(Provided data Opens)

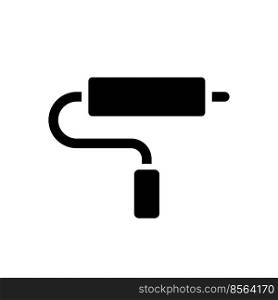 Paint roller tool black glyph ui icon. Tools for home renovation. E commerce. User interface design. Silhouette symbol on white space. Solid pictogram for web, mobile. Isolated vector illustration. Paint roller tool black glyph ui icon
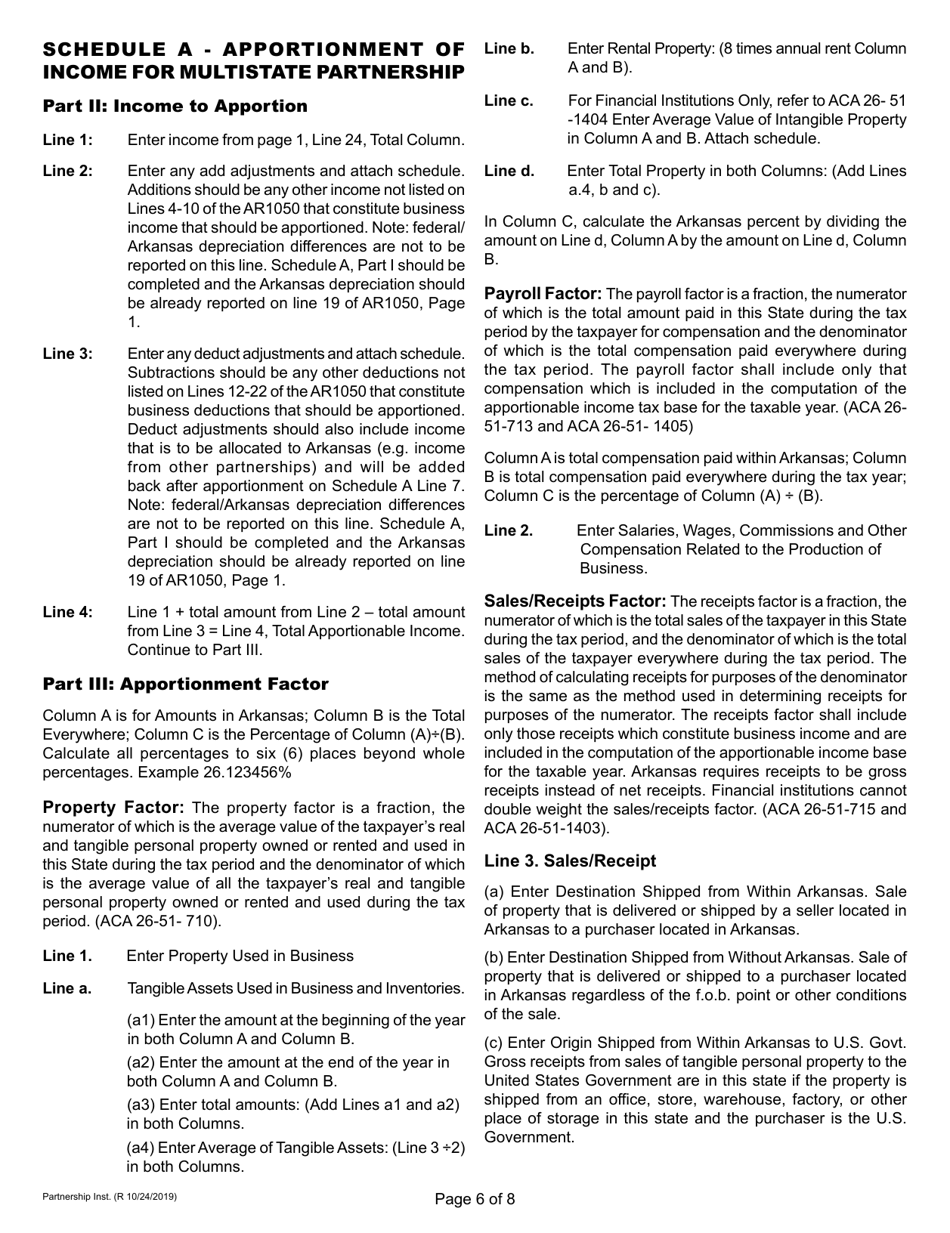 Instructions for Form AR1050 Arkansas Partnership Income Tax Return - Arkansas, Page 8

(Provided data Closes)
(Provided data Opens)

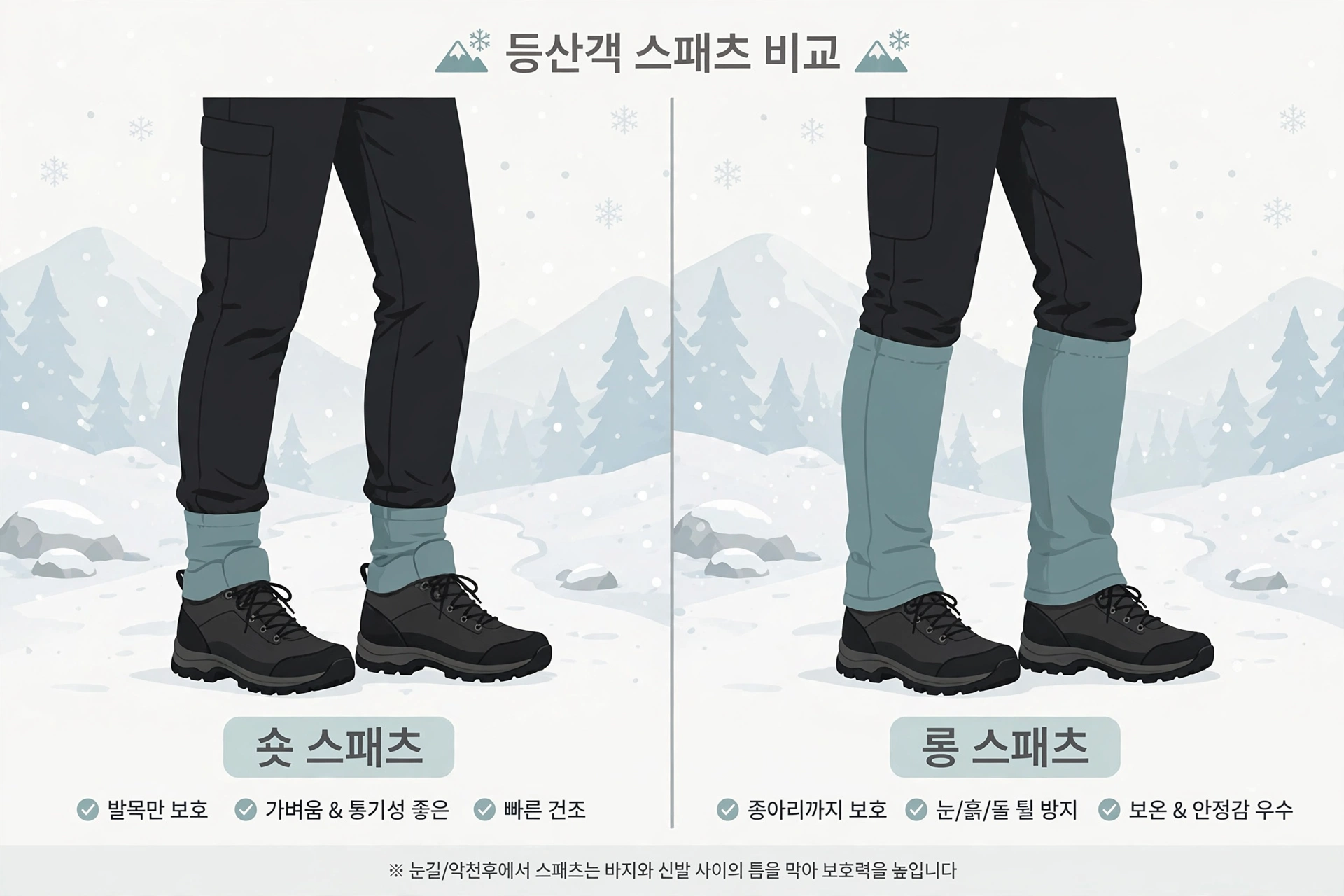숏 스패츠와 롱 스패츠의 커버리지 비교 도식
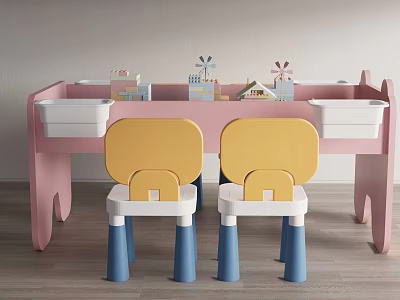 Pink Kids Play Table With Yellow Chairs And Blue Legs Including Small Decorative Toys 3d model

(Provided data Closes)

■ **Exercise brief**
Find the line with "Paint roller tool black glyph ui icon." in the entries above. Set down exactly every line from it up to and including the line with "Instructions for Form", images excluded.

■ **Output below**
 Paint roller tool black glyph ui icon. Tools for home renovation. E commerce. User interface design. Silhouette symbol on white space. Solid pictogram for web, mobile. Isolated vector illustration. Paint roller tool black glyph ui icon
 Instructions for Form AR1050 Arkansas Partnership Income Tax Return - Arkansas, Page 8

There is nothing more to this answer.